Tuesday, 16 April 2013

Merkato- A Pen portrait of the market in Arbaminch





A  visit to the Merkato in Arbaminch in the early to middle seventies was a important moment for my brother and me. We more often  accompanied Keffne, the grade eleventh student who stayed in the out-house of the house in which we lived. The main items we bought from the market were, eggs, chickens, goats, and  local butter. Forget about having a lot of vegetables because Ethiopians preferred meat. The moment we reached close to the market, the distinct, rather strong rancid scent of the local butter wafted through the air. These lumps of butter were wrapped in dried banana tree bark. We often put a couple of Cloves to the butter while heating it to make butter oil so that we could get rid of the rancid smell! The Ethiopian women often applied this butter to their hair which they then proceeded to cover with a, “Shash” or scarf in Amharic.
The excited buzz of the market resonated with people calling out their prices, and the voices of those extolling the virtues of their products could be heard clearly. My dad, whenever he accompanied us bargained very hard, often bringing down the price drastically. My brother and I could only watch with horror as he always drove a tough bargain, but then we later realised that it was never low enough to harm the sellers! On such occasions I’d say to Dad, “It’s O.K. Dad, I think the price is good enough!” and he’d answer, “No, son, he is still asking so much for the Rooster.” Saying this, he would walk away only to be called by the seller who’d finally agreed to the price. Both my brother and I would look at each other and breathe a sigh of relief.

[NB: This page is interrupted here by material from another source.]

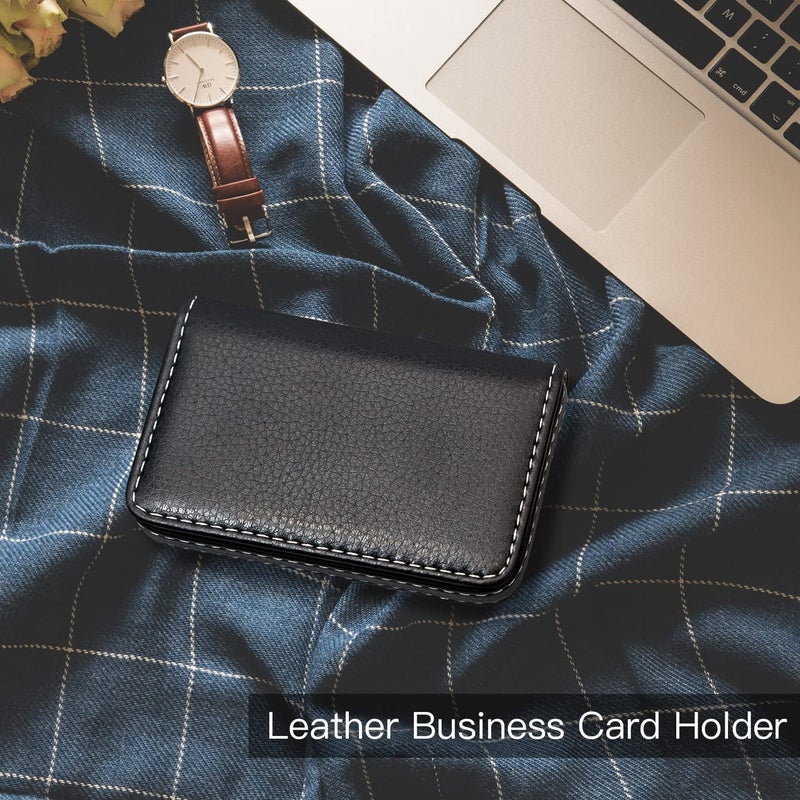 Padike Business Name Card Holder Luxury PU Leather,Business Name Card Holder Wallet Credit card ID Case/Holder For Men & Women - Keep Your Business Cards Organized(Black) - Image 5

We would often thread through the stalls selling an assortment of stuff, lumps of sulphur, shiny crystals which they ground to make dark Kohl which the women applied to their eyes. Vegetable, few in variety included potato, Sweet potato, Tapioca, carrot, the local spinach leaves termed, “Kosta”. The Kosta when cooked turned into thick leaves with a distended texture, and of course the arm thick sugar cane stalks. Spices and lentils were also sold. The shacks were basically plastic sheets stretched on four sticks driven into the beaten earth platforms slightly raised from the ground as a preventive measure from flooding when it rained. My brother and I would often plead with father to buy some sugar cane stems to carry back home which we then proceeded to strip off the thick covering prior to chewing it. Corn was sold in two forms, corn which was removed from the corn cobs and the corn cobs with the corn still attached. Both forms could be boiled or roasted. Bananas came in two different varieties, the local variety had a very slick and oily looking skin, while the second variety had powdery textured light yellow skin. This was the variety we preferred at home. Papayas were sold in basketfuls. Funnily enough, the sheep with thick tails were favoured over goats because the goat meat had an overpoweringly strange smell about it. So, in Rural Ethiopia mutton preferably consists of Sheep Meat unlike the case in India! Eggs were sold by the dozen and the sellers had a bowl of water in which to submerse the eggs. We had learned that eggs that had gone bad float while those that were good would sink. Some sellers also sold “Injera” the local pancake which was made of the “Teff” grain. The local black bread known as “Ambasha” was also available. This black bread had a unique taste somewhat sour in tone and seemed to have been fermented. But then “Ambasha” was made out of dough that had been left a little too long so that fermentation set in. This helped  it stay good for long periods of time. Another variety of unleavened bread sold in the Merkato was the thick bread made of cornflower. This was cooked for a long period of time on a slow-burning wood fire. We found it hard to cook it at home so we always got this rather tasty bread from the Merkato.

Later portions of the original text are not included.